◆ **What the task asks**:
Print what the records say exactly, and omit the pictures.

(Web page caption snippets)
☆ ☆ ☆ ☆ ☆ ☆ ☆
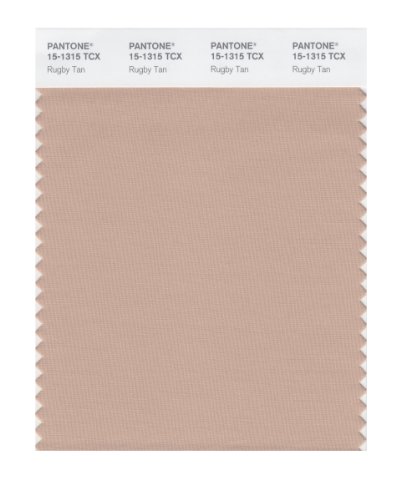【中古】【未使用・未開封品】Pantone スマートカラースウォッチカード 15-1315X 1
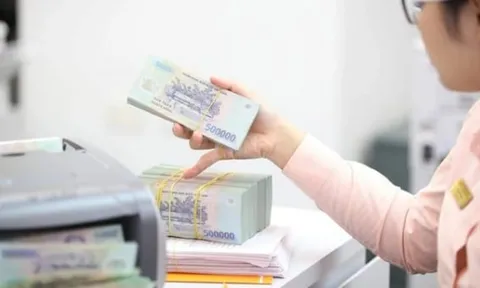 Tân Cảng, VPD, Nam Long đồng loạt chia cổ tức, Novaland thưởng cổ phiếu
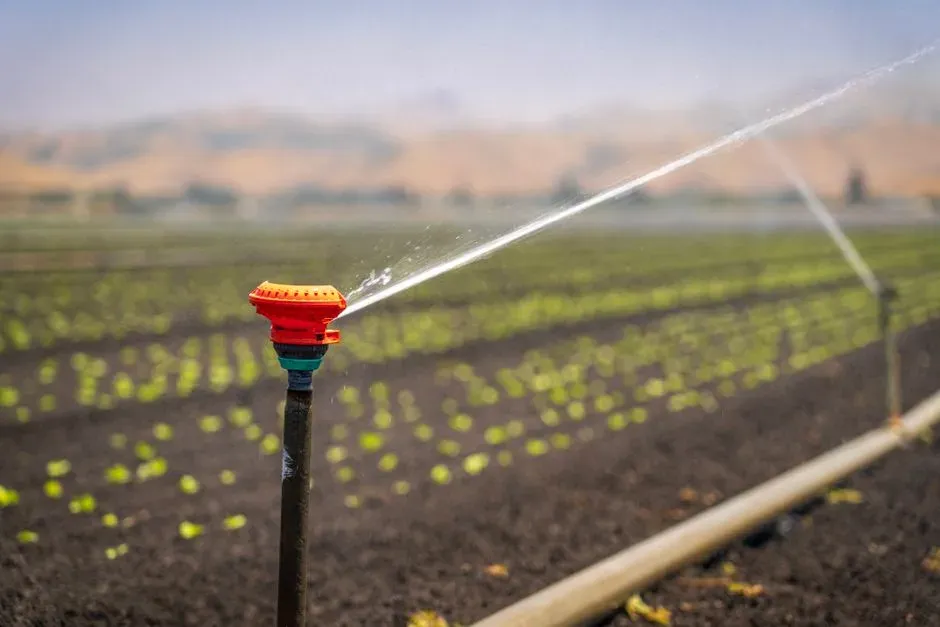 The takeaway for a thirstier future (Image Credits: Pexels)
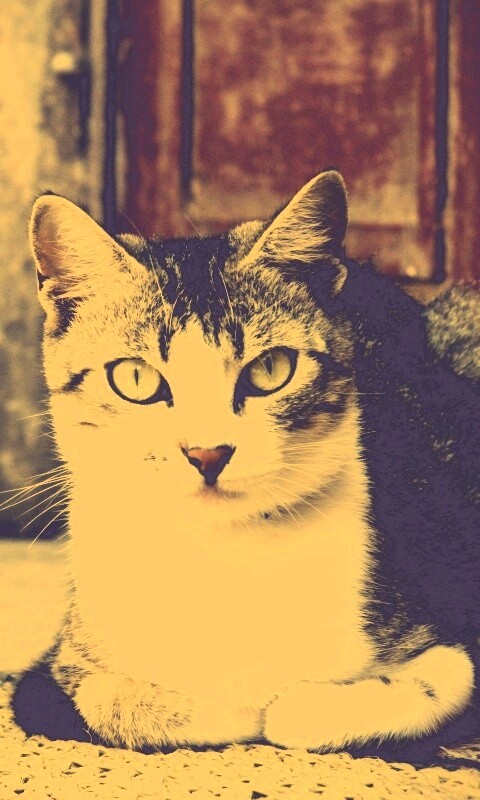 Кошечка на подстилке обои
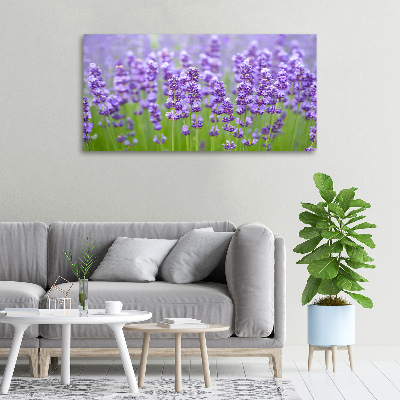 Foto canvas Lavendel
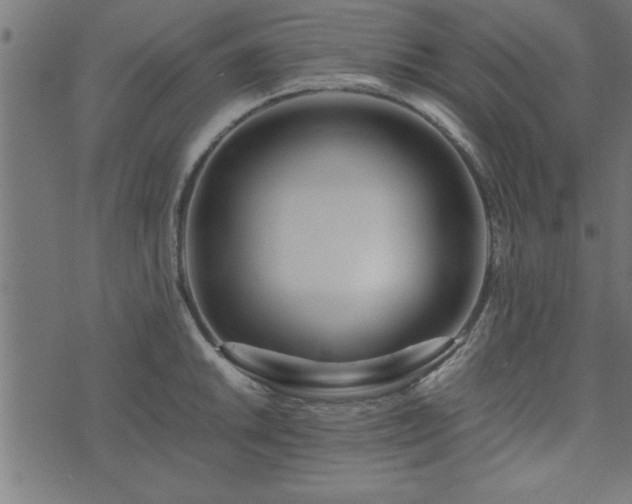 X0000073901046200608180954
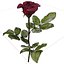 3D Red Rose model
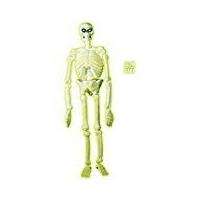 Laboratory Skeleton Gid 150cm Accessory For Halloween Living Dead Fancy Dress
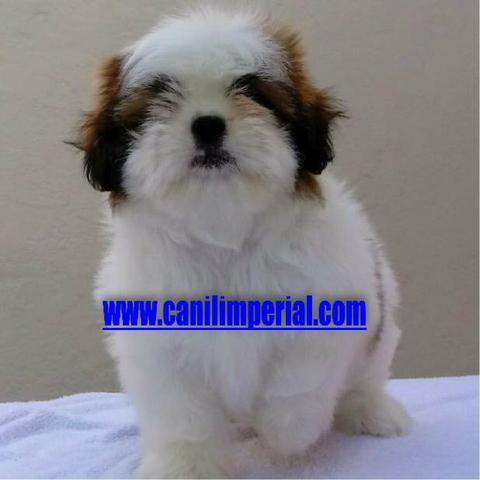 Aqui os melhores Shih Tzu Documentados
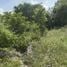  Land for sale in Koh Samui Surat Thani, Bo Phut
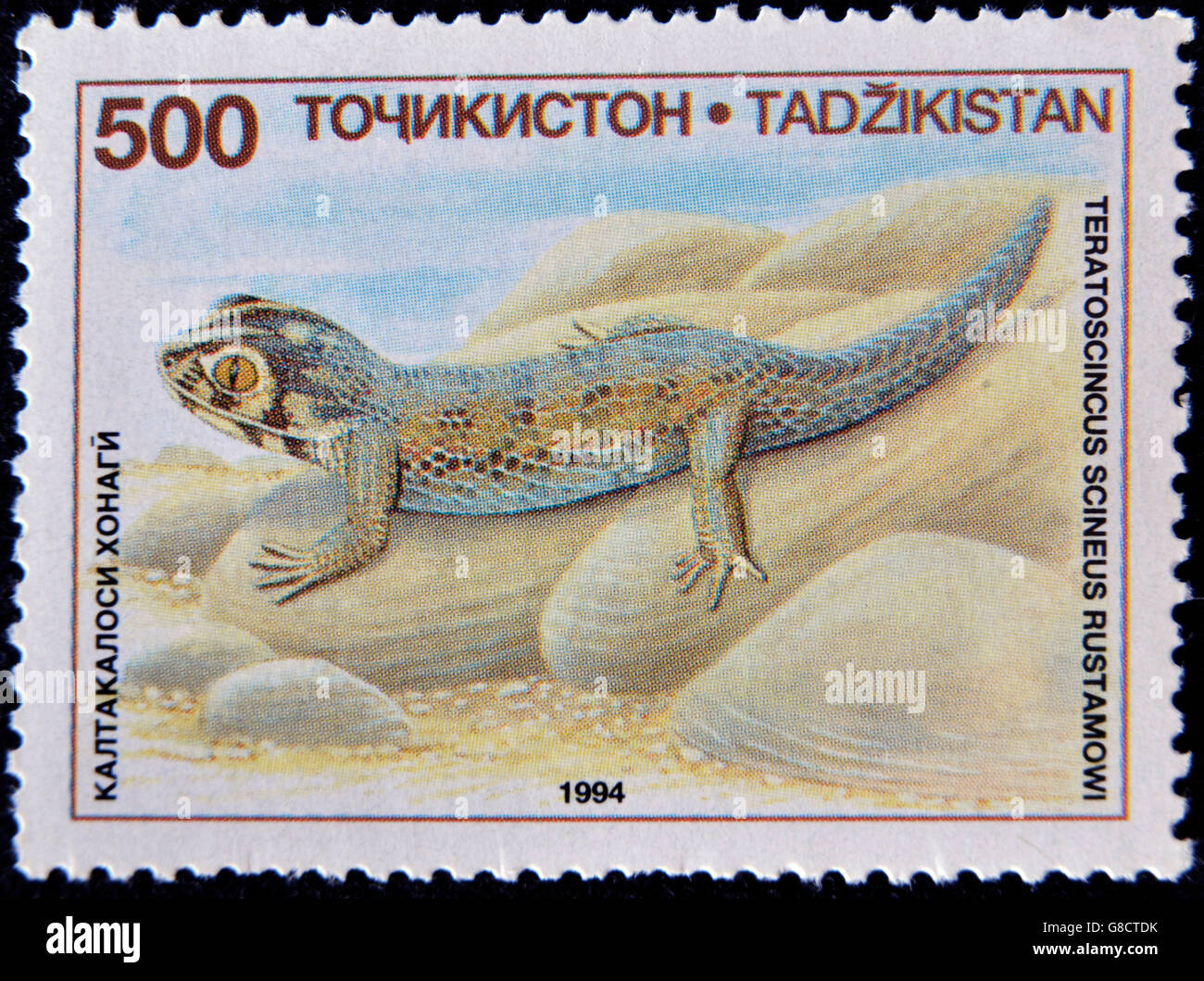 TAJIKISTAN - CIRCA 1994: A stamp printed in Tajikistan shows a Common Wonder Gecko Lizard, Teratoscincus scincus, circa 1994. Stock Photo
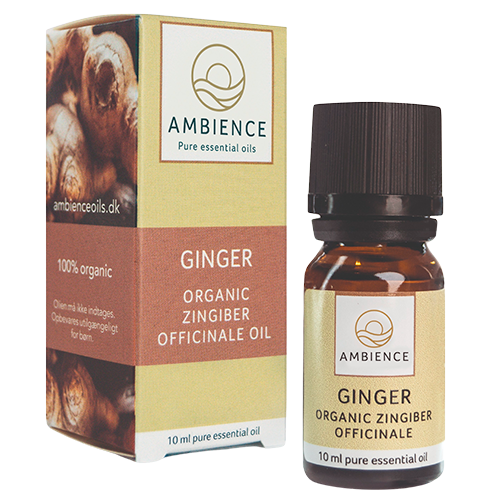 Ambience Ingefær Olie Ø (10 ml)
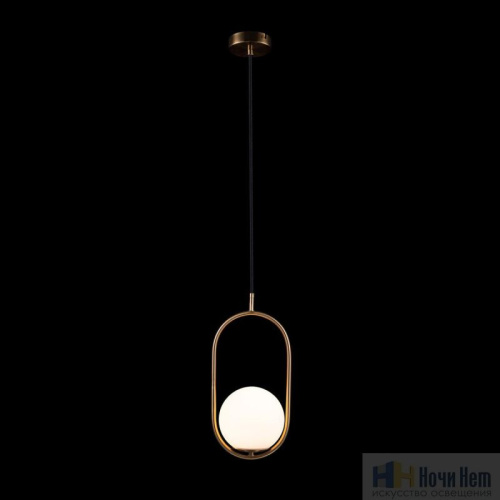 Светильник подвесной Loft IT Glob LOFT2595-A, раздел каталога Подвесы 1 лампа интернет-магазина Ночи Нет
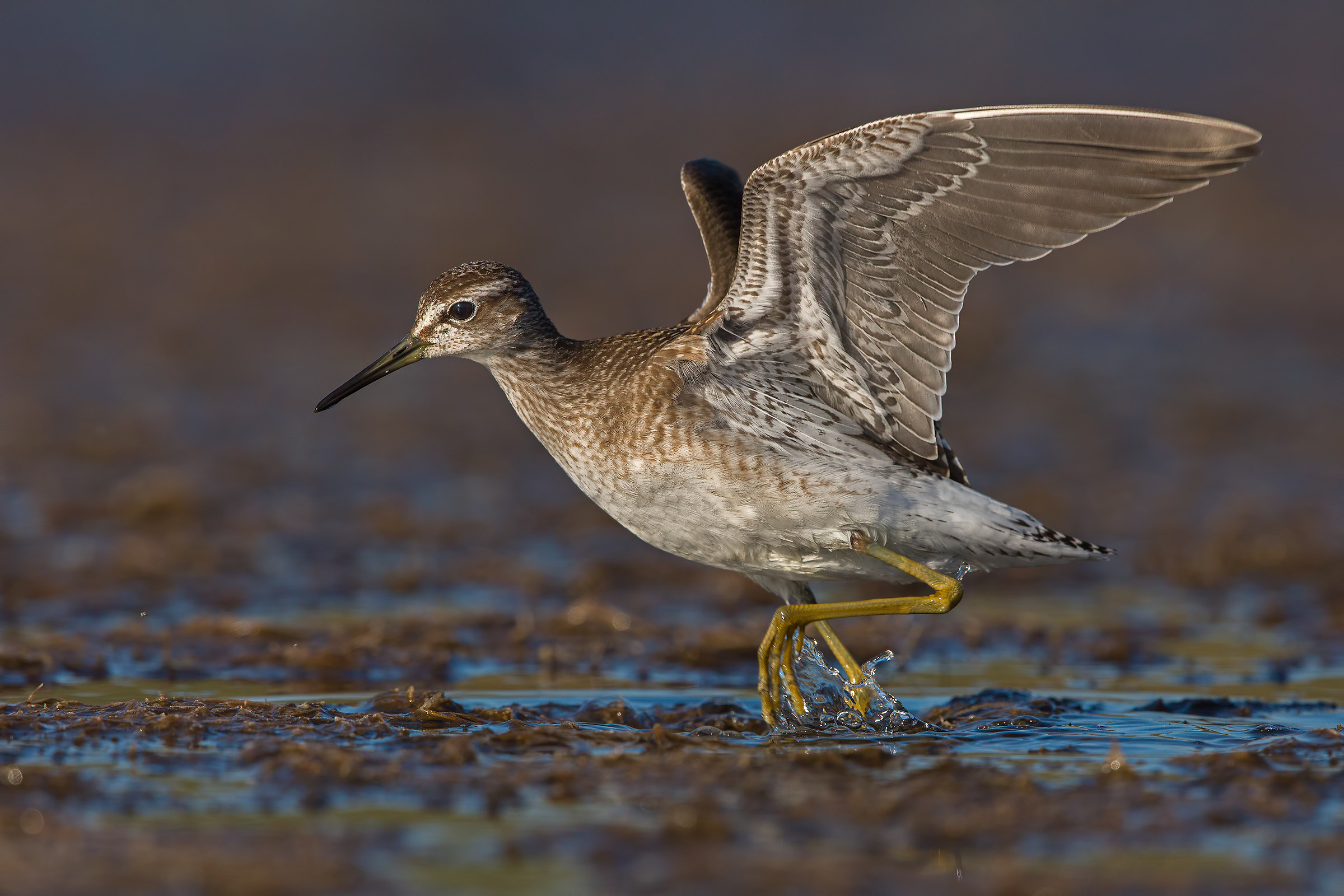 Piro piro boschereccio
☆ ☆ ☆ ☆ ☆ ☆ ☆
◆ **Problem solution**:
【中古】【未使用・未開封品】Pantone スマートカラースウォッチカード 15-1315X 1
 Tân Cảng, VPD, Nam Long đồng loạt chia cổ tức, Novaland thưởng cổ phiếu
 The takeaway for a thirstier future (Image Credits: Pexels)
 Кошечка на подстилке обои
 Foto canvas Lavendel
 X0000073901046200608180954
 3D Red Rose model
 Laboratory Skeleton Gid 150cm Accessory For Halloween Living Dead Fancy Dress
 Aqui os melhores Shih Tzu Documentados
  Land for sale in Koh Samui Surat Thani, Bo Phut
 TAJIKISTAN - CIRCA 1994: A stamp printed in Tajikistan shows a Common Wonder Gecko Lizard, Teratoscincus scincus, circa 1994. Stock Photo
 Ambience Ingefær Olie Ø (10 ml)
 Светильник подвесной Loft IT Glob LOFT2595-A, раздел каталога Подвесы 1 лампа интернет-магазина Ночи Нет
 Piro piro boschereccio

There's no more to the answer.